[Given data]
◆ ◆ ◆ ◆ ◆ ◆ ◆

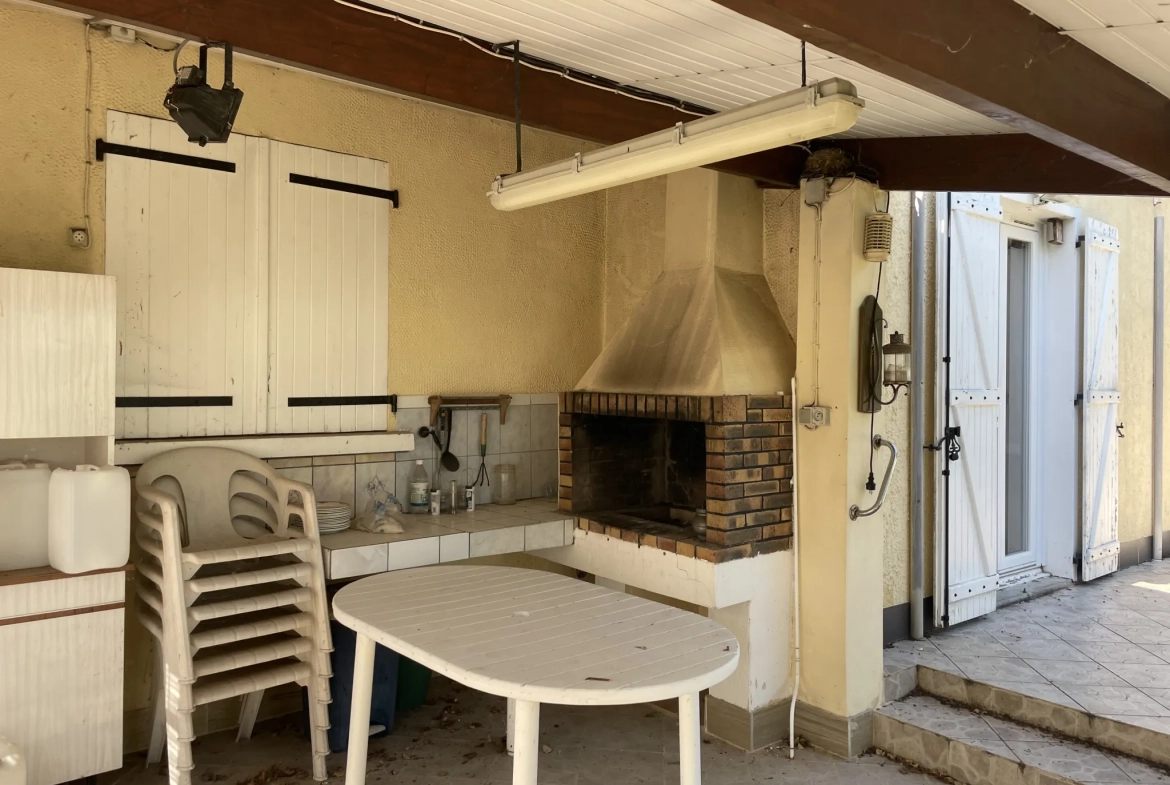 Charmante maison de plain-pied avec jardin et terrasses à Bourg-Charente 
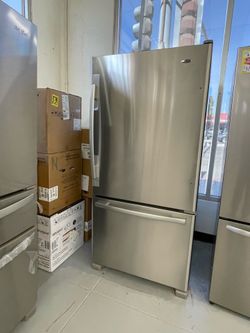 Amana 33” 22 cu. ft. Bottom Freezer Refrigerator in Stainless Steel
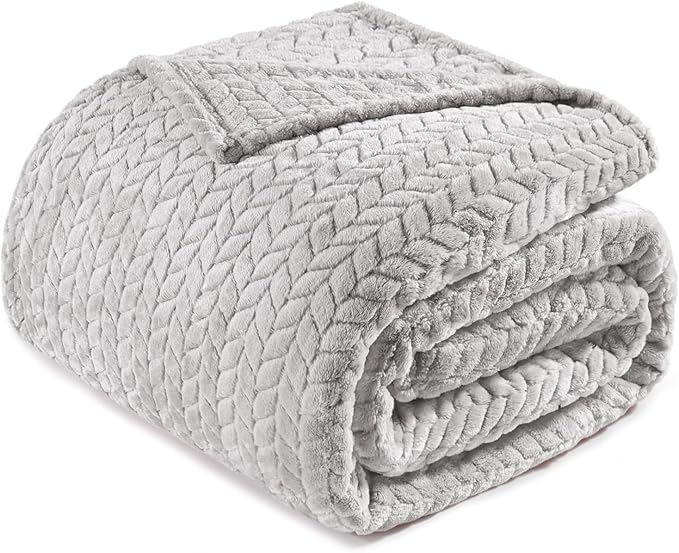 Exclusivo Mezcla Fleece King Size Blanket for Bed, 90x104 Inches Soft Cozy Jacquard Flannel Blankets, Lightweight Fuzzy Plush Warm for Women, Light Grey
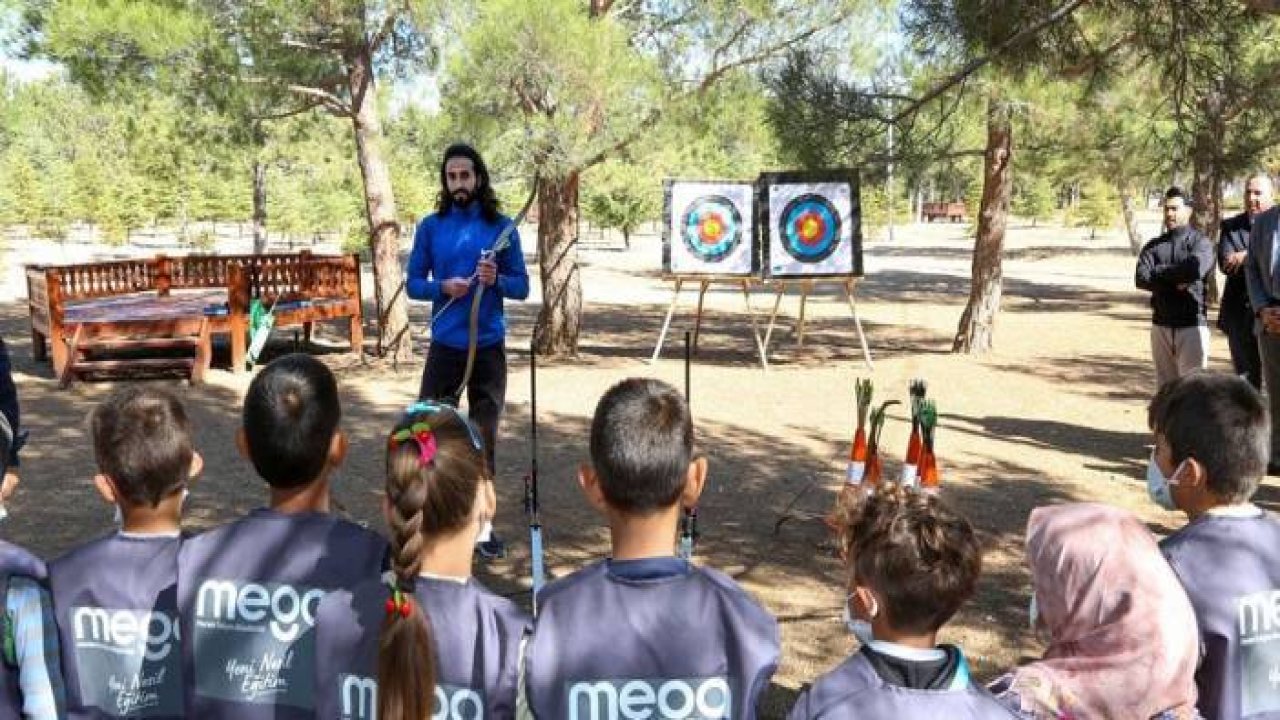 MEGA Doğa Okulu eğitimlerine başladı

◆ ◆ ◆ ◆ ◆ ◆ ◆

[Exercise aim] The answer should contain all the material above, copied exactly, and no images.

[Answer to this task]
 Charmante maison de plain-pied avec jardin et terrasses à Bourg-Charente 
 Amana 33” 22 cu. ft. Bottom Freezer Refrigerator in Stainless Steel
 Exclusivo Mezcla Fleece King Size Blanket for Bed, 90x104 Inches Soft Cozy Jacquard Flannel Blankets, Lightweight Fuzzy Plush Warm for Women, Light Grey
 MEGA Doğa Okulu eğitimlerine başladı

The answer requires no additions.